Realizado: Os alunos chegaram à sala de Artes agitados. Pedi que se organizassem em grupos. Com muita dificuldade solicitei-lhes silêncio. Primeiramente lhes mostrei o envelope remetido a eles pelos os alunos da Escola Estadual de Ensino Fundamental Professora Luiza Teixeira Lauffer, localizada na zona norte de Porto Alegre. Disse à turma que tal envelope continha as produções visuais dos alunos desta escola, que estes alunos também eram estudantes do 5° ano assim como eles. As alunas Julie e Ketlen demonstraram ansiedade em visualizar tais imagens.

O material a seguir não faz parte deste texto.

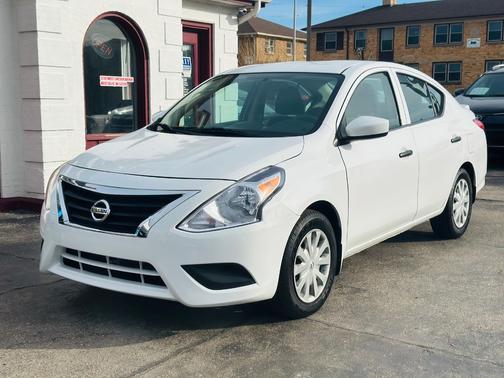 2019 Nissan Versa 1.6 S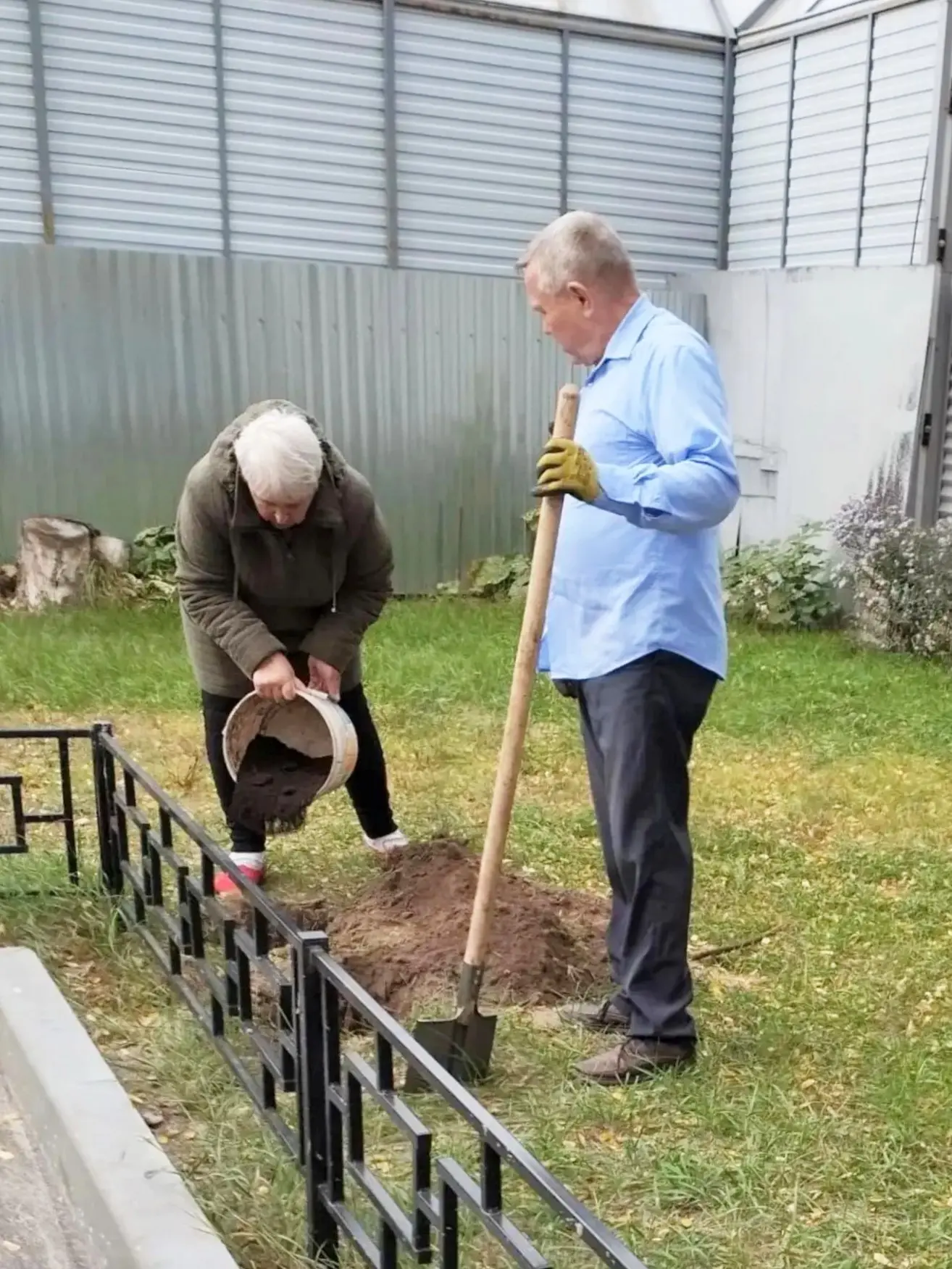 🌳 В Железнодорожном районе становится больше зелени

Expliquei que a turma autora das imagens tinha um número de alunos menor que a turma deles, e por essa situação, cada grupo com dois ou três alunos, iria observar uma figura que eu distribuiria. Primeiramente, minha ação de retirar as imagens de dentro do envelope, deu-se de modo a evolver a turma em expectativas para a visualização das figuras. Retirei uma imagem de cada vez do envelope exibindo-as para visualização de todos os presentes. Logo que os alunos visualizaram as primeiras figuras manifestaram apreciação das imagens dizendo-me frases como: - Ah! Que bonitos os trabalhos! - Todos os trabalhos têm esta coisa marrom colada! Que legal! - Porque a gente não usou esse material marrom? - Estes trabalhos ficaram mais bonitos que os nossos. - Eu também achei mais bonito! Ah sora [sic] os nossos ficaram feios perto desses! - Pra mim os nossos são mais bonitos, porque nós usamos muito mais materiais diferentes.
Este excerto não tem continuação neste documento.